__WHAT YOU ARE ASKED TO DO__: With the pictures left out, reproduce exactly the lines running from the line with "Paloma Vintage Glass" to the last line of the material below.

__MATERIAL TO PROCESS__:
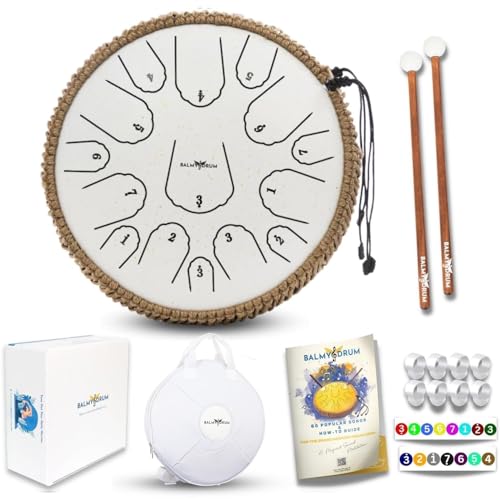 The Balmy Drum - 15 Note 14 Inch Steel Tongue Drum, Steel Drum Instrument, Drums For Children and Adults, Balmy Drum Set for Kids with Music Book, Handpan, Mallet and Carry Bag (White)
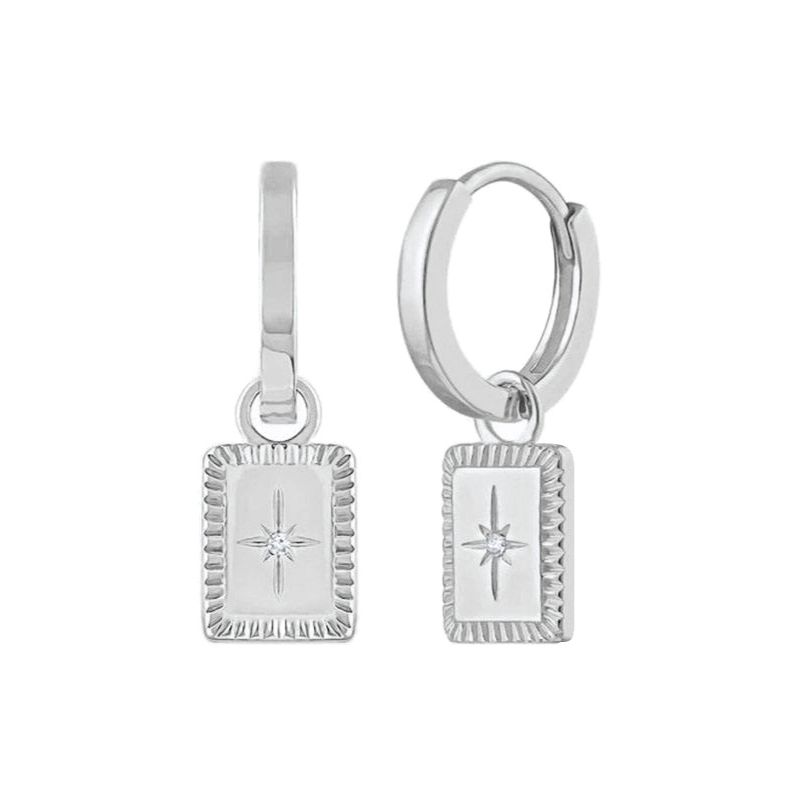 925 Silver Needle Vintage Geometric Pendant Earrings Round/Square/Shell Earrings for Women Fashion Jewelry Pendientes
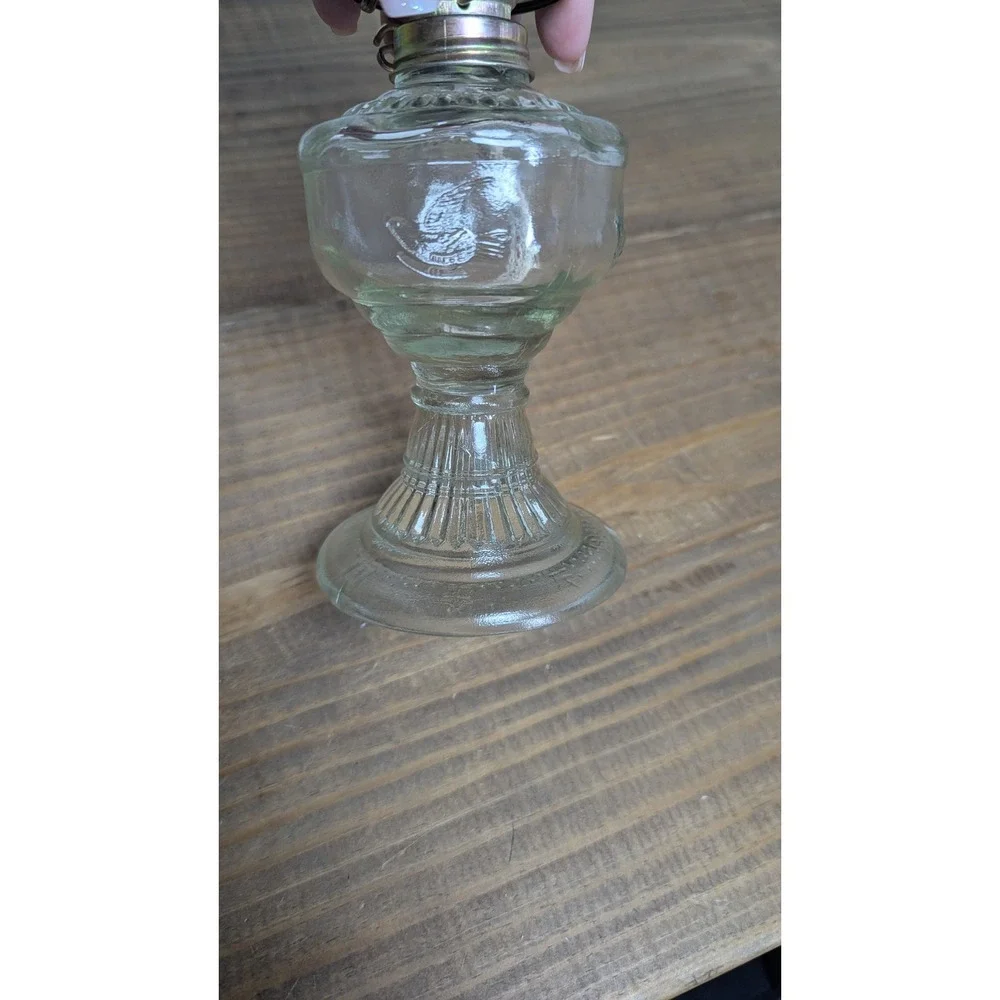 Paloma Vintage Glass Oil Lamp Clear Embossed Bird Hurricane Lantern 13 Inch Box - Picture 9 of 16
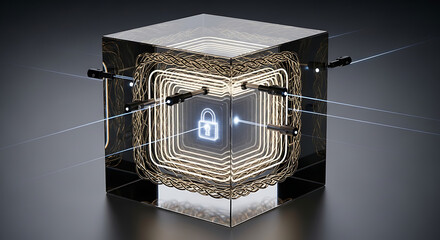 Encrypted data cube with glowing lock icon to protect digital information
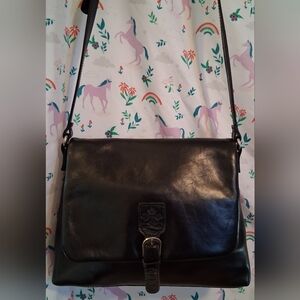 Patricia Nash Black Leather Crossbody Satchel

__RESPONSE__:
 Paloma Vintage Glass Oil Lamp Clear Embossed Bird Hurricane Lantern 13 Inch Box - Picture 9 of 16
 Encrypted data cube with glowing lock icon to protect digital information
 Patricia Nash Black Leather Crossbody Satchel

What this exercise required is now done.